Другой удивительный путь приобщения к римской культуре обнаруживается при изучении гончарных изделий Южной Галлии, где во время бума I–II вв. производились в промышленных масштабах некоторые виды характерной «римской» блестящей терракотовой посуды. Имена многих гончаров сохранились в перечнях и списках, найденных на месте мастерских. Еще продолжаются дискуссии, как их читать, но очевидно, что это сочетание характерных латинских имен (Верекунд, Иукунд) и кельтских (Петрекус, Матугенос). При этом на самих изделиях керамики ставили «римские» псевдонимы: Петрекус именовался Квартом, Матугенос – Феликсом. Конечно, здесь мог быть чисто коммерческий подход: покупатели керамики в римском стиле, изготовленной в Южной Галлии, предпочли бы изделия гончаров с римскими именами. Но возможно также, что эти успешные, но малоизвестные мастера и сами хотели себя считать хотя бы частично римлянами и принять некую версию «римскости».

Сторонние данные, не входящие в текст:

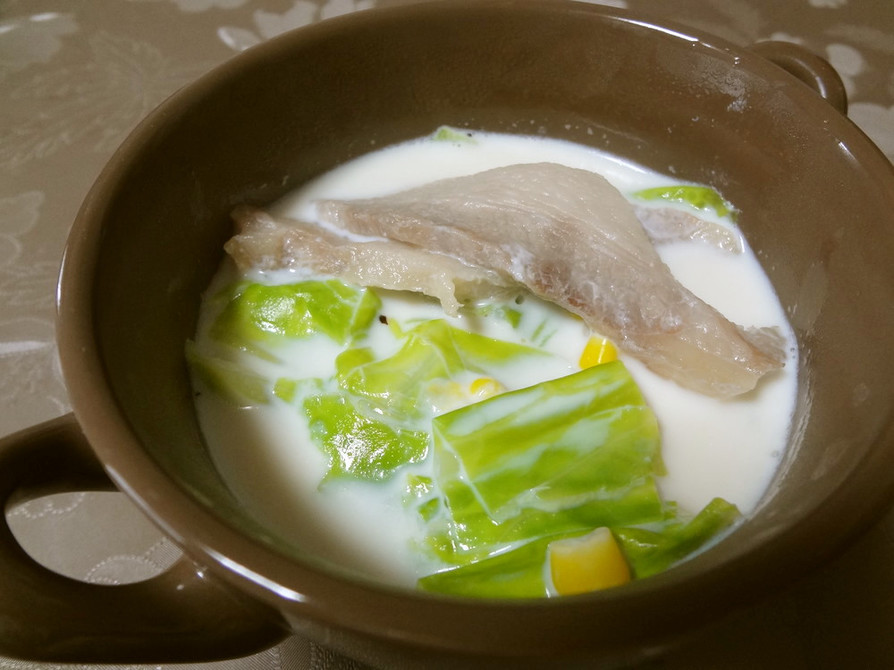 キャベツと豚トロのミルクスープの画像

Версия здесь уместное слово. Еще один недостаток анализа Тацита заключается в том, что он противопоставляет местную и римскую культуру как две крайности, а на самом деле имелась сложная шкала «римскости». Например, Тогидубнус, новый римский гражданин, приобщившийся к вину, находился гораздо выше по этой шкале, чем гончар Петрекус, который ставил латинское прозвище на своих изделиях, но в остальном оставался, безусловно, кельтом. Фактически взаимоотношения между римской культурой и другими культурами в империи поражают разнообразием гибридных форм римской (а иногда и не римской) культуры, которые получались в результате. На просторах римского мира возникали самые разные культурные сплавы в результате местных стараний принять римскую власть, примириться с ней или противостоять ей.
93. Портрет Траяна в облике фараона в храме Хатхор в Дендере, Египет. В какой мере это римское или египетское произведение, зависит от взгляда зрителя: это Траян, ассимилированный египетской культурой, или римлянин, помещенный в традиционный контекст провинции, но остающийся собой?